Per la prima volta, quel giorno, Roger fu lasciato solo. Sperimentò i suoi nuovi sensi. Si rendeva conto che potevano essergli molto utili in situazioni di sopravvivenza. Ma lo confondevano moltissimo. Tutti i piccoli suoni della vita quotidiana erano ingigantiti. Sentiva Brad, in corridoio, parlare con Jonny Freeling e le infermiere che smontavano di servizio. Sapeva che con le orecchie dategli da sua madre non avrebbe percepito neppure un brusio: ma adesso poteva distinguere le parole a volontà: — anestesia locale, ma non voglio. Voglio che non si accorga di niente. Ha già abbastanza traumi da sopportare. — Era Freeling, che parlava a Brad.
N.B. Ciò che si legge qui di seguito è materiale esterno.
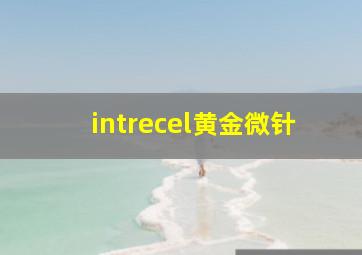 intrecel黄金微针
Le luci erano più brillanti. Roger tentò di ridurre la sensibilità della propria vista, ma non accadde nulla. Quello che gli occorreva, pensò, era solamente una di quelle lampadine minuscole, da albero di Natale. C’era molta luce: quell’intensa luminosità era sconcertante. Inoltre, osservò, le luci erano ritmiche, da impazzire: riusciva a percepire ogni pulsazione della corrente a sessanta Hertz. All’interno dei tubi fluorescenti osservò il contorcersi di un fulgido serpente di gas. Le lampade a incandescenza, d’altra parte, erano quasi buie, a parte i filamenti brillanti al centro, che egli poteva esaminare dettagliatamente. Non provava l’impressione di sforzarsi gli occhi, anche quando guardava la luce più intensa.

Udì una voce nuova, in corridoio, e aguzzò l’udito per ascoltare: Clara Bly, che era venuta a prendere servizio per il turno di notte: — Come va il paziente, dottor Freeling?
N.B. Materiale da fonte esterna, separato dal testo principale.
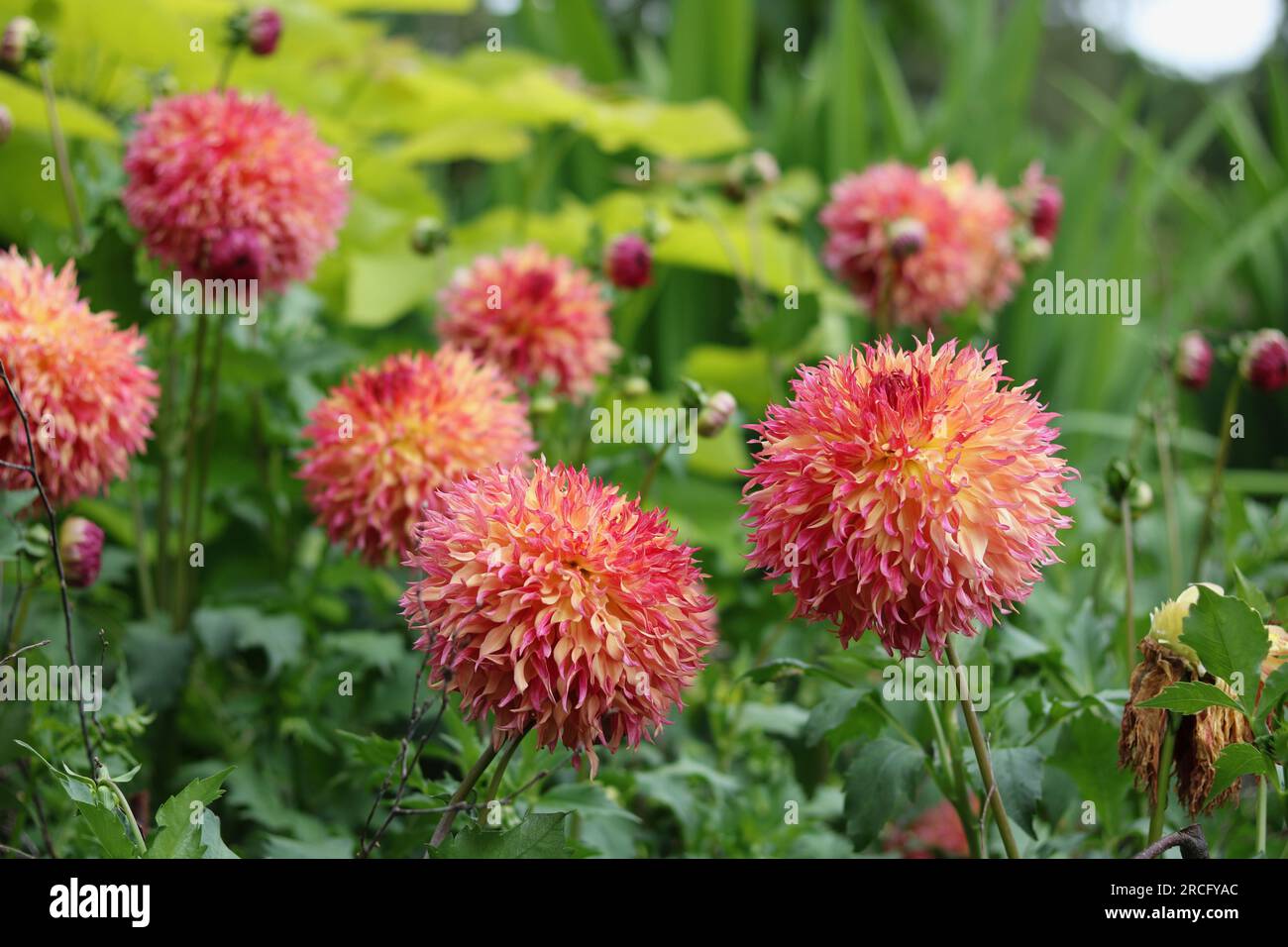 Spiky dahlia dahlias hi-res stock photography and images - Alamy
— Benissimo. Mi sembra riposato. Ha dovuto dargli un sonnifero, ieri notte?

— No. Stava bene. Un po’… — Clara ridacchiò. — Un po’ strano, comunque. Ha fatto una specie di osservazione sconcia, che da Roger non mi sarei mai aspettata.

— Uh. — Vi fu una pausa di perplessità. — Bene, non sarà più un problema. Devo andare a controllare le letture. Abbia cura di lui.

Roger pensò che avrebbe dovuto essere molto gentile con Clara; non sarebbe stato difficile, poiché era la sua infermiera preferita. Si distese, ascoltando il fruscio delle ali nere e i suoni ritmici dei pannelli telemetrici. Era molto stanco. Sarebbe stato piacevole dormire…

Si risollevò di scatto. Le luci si erano spente! Poi si riaccesero di nuovo, non appena egli se ne accorse.

Aveva imparato a chiudere gli occhi!

Soddisfatto, Roger si lasciò sprofondare di nuovo nel letto che ondeggiava dolcemente. Era vero: stava imparando.

Lo svegliarono per dargli da mangiare, e poi lo riaddormentarono per l’ultima operazione.

Non vi fu anestesia. — Ci limiteremo a spegnerti, — disse Jon Freeling. — Non sentirai niente. — E in effetti non sentì niente. Lo portarono nella vicina sala operatoria, con i flaconi delle terapie intensive, i cateteri, i sondini e tutto il resto. Roger non poté sentire l’odore del disinfettante, ma sapeva che c’era: percepiva la luminosità raccolta sulle punte di ogni oggetto, il calore dello sterilizzatore, come una raggera sullo sfondo della parete.

Poi il dottor Freeling ordinò di fargli perdere conoscenza, e noi obbedimmo. Deprimemmo uno ad uno i suoi input sensoriali: per lui fu come se i suoni si affievolissero, le luci si offuscassero, le sensazioni tattili si addolcissero. Smorzammo gli input del dolore attraverso tutta la nuova epidermide, li estinguemmo completamente dove avrebbe inciso il bisturi di Freeling e dove sarebbe penetrato l’ago. C’era un problema complesso. Molti degli input del dolore dovevano venir mantenuti anche dopo che Roger fosse guarito. Era necessario che avesse un sistema di segnalazione, quando fosse stato libero sulla superficie di Marte: qualcosa che lo avvertisse se si ustionava, si causava lacerazioni o lesioni; e il dolore era il sistema d’allarme più efficace che potessimo dargli. Ma per la maggior parte del suo corpo, la sofferenza era finita. Mentre estinguevamo gli input li escludevamo programmaticamente dal suo apparato sensoriale.

Roger, naturalmente, non sapeva nulla di tutto questo. Si limitò ad addormentarsi e poi a svegliarsi.

Quando alzò lo sguardo, urlò.

Freeling, che si era rialzato e si sgranchiva le dita, sussultò e lasciò cadere la maschera. — Cosa succede?

Roger disse: — Gesù! Per un momento ho visto… non so. Poteva essere un sogno? Ma vi ho visti tutti intorno a me, intenti a guardarmi, e sembravate un branco di guul. Teschi. Scheletri. Mi guardavate sogghignando! E poi siete tornati come siete.